The more literate you become, the more you grasp that there are a limited number of fundamental ideas. That those fundamental ideas are counter-intuitive. That evolution did not provide us with intrinsic means of grasping or using those fundamental ideas.
But that to cooperate in large numbers and to understand the structure of ourselves, our actions, and the universe in which we act, we must somehow master them. Either at high operational correspondence that few of us can master, or at low operational correspondence but high intuitive correspondence that all of us can master.
LAYERS OF INCREASING COMPLEXITY:
– Intuitive expressions <- pre rational reactions
– Moral arguments <- normative arguments
– Allegorical Arguments <- abstract arguments (most people)
– Historical Arguments <- facts (educated people)
– Scientific (Empirical) Arguments <- specialists in causal relations
– Economic Arguments <- specialists in emergent relations
– Ratio-scientific Arguments <- synthesis of specialized arguments
– Constructivist Explanations <- description of reality
It gets harder as you climb that ladder. Most of us can manage allegorical. But beginning with Historical arguments one enters the realm of empirical rather than intuitive, and that requires a lot more knowledge at each rung on the conceptual ladder.
If you cannot explain something in constructive (operational) language you do not understand it. But if you can at least explain something, then you are at least able to determine possible courses of action.
SO HOW DO YOU KNOW WHAT TO READ?
You read what you can. You climb the ladder as far as you can. At some point you will get good at climbing the ladder. At some point you will realize that you can climb no further. For some of us, we learn how to add rungs to the ladder itself.
But the important thing to remember is that there are a very small number of fundamental concepts, and a very small number of intuitive falsehoods that evolution cursed us with.
At every 15 points of IQ someone is writing a book in your language. IN the level of abstraction that you can grasp.
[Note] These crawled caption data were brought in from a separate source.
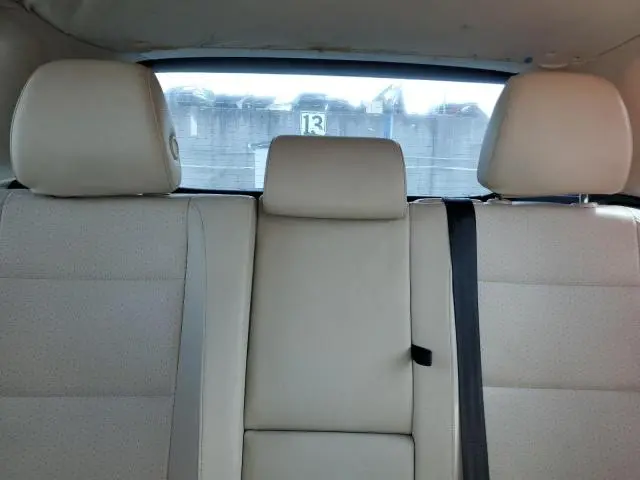 2013 VOLKSWAGEN TIGUAN S  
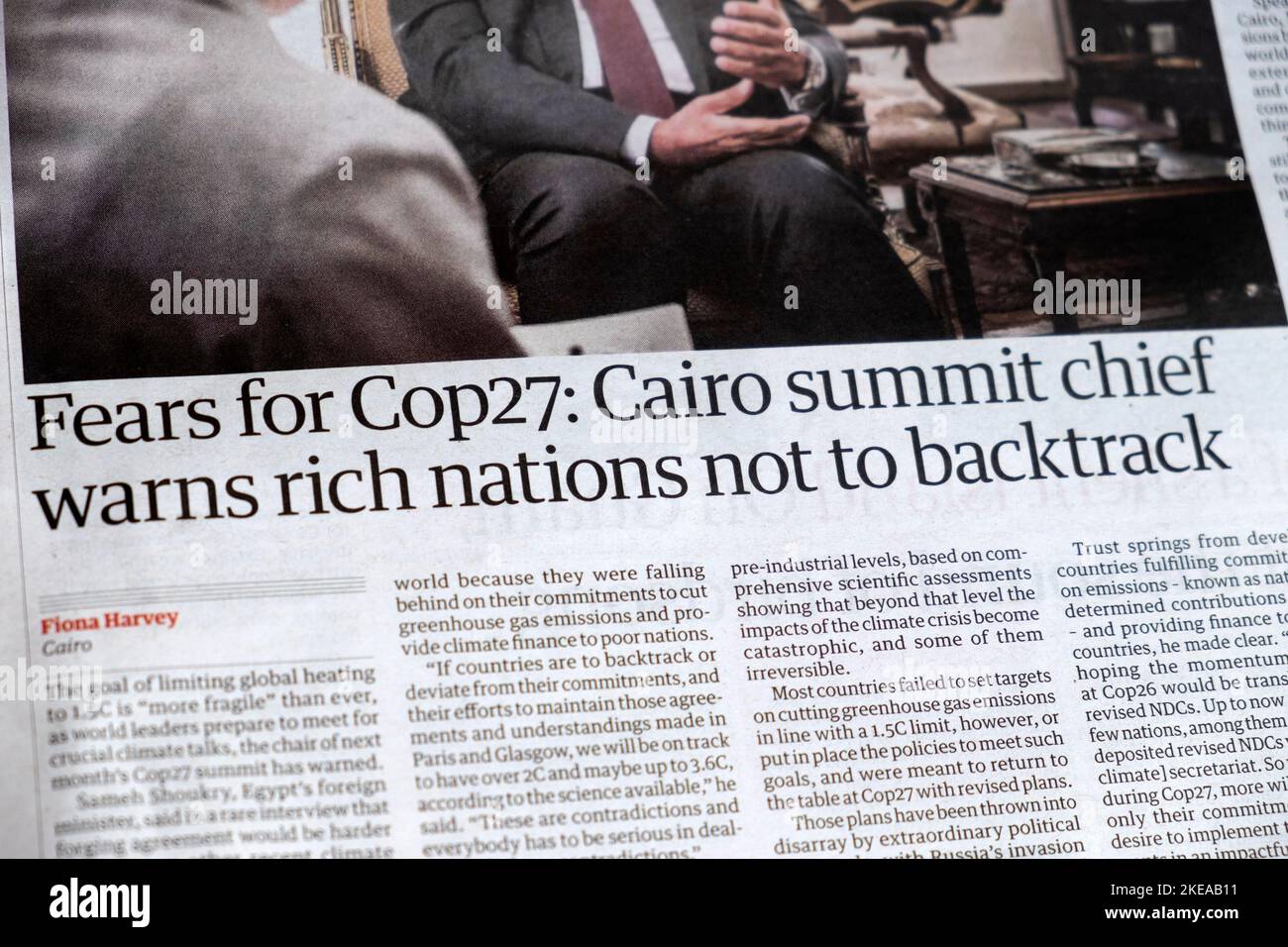 „Ängste um Cop27:der Gipfelchef von Kairo warnt die reichen Nationen davor, einen Rückzieher zu machen“, titelt die Zeitung Guardian den Artikel zur Klimakrise im Oktober 2022 London Großbritannien Stockfoto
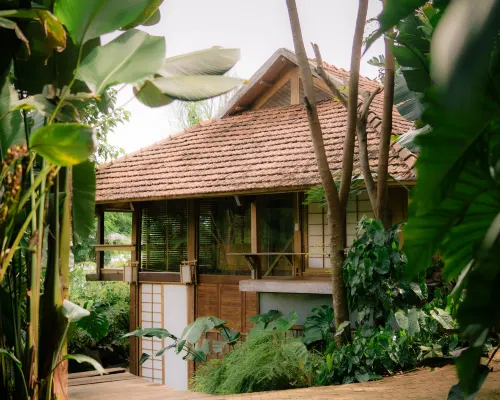 Harmony Botanical Garden Stay - 300 Plant Species, Natural Stream and Small Pool 邦美蜀住宿飯店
Read the best book you can. Try the next book up the ladder. stop when you cant climb. And the truth is, that if you want to live a full life, you do not need to add to the ladder, only to climb beyond the intuitive limits that evolution left us with. At that point you will be close enough to the truth (correspondence with reality independent of human cognitive limitations) that you are no longer hindered by your mortal coil.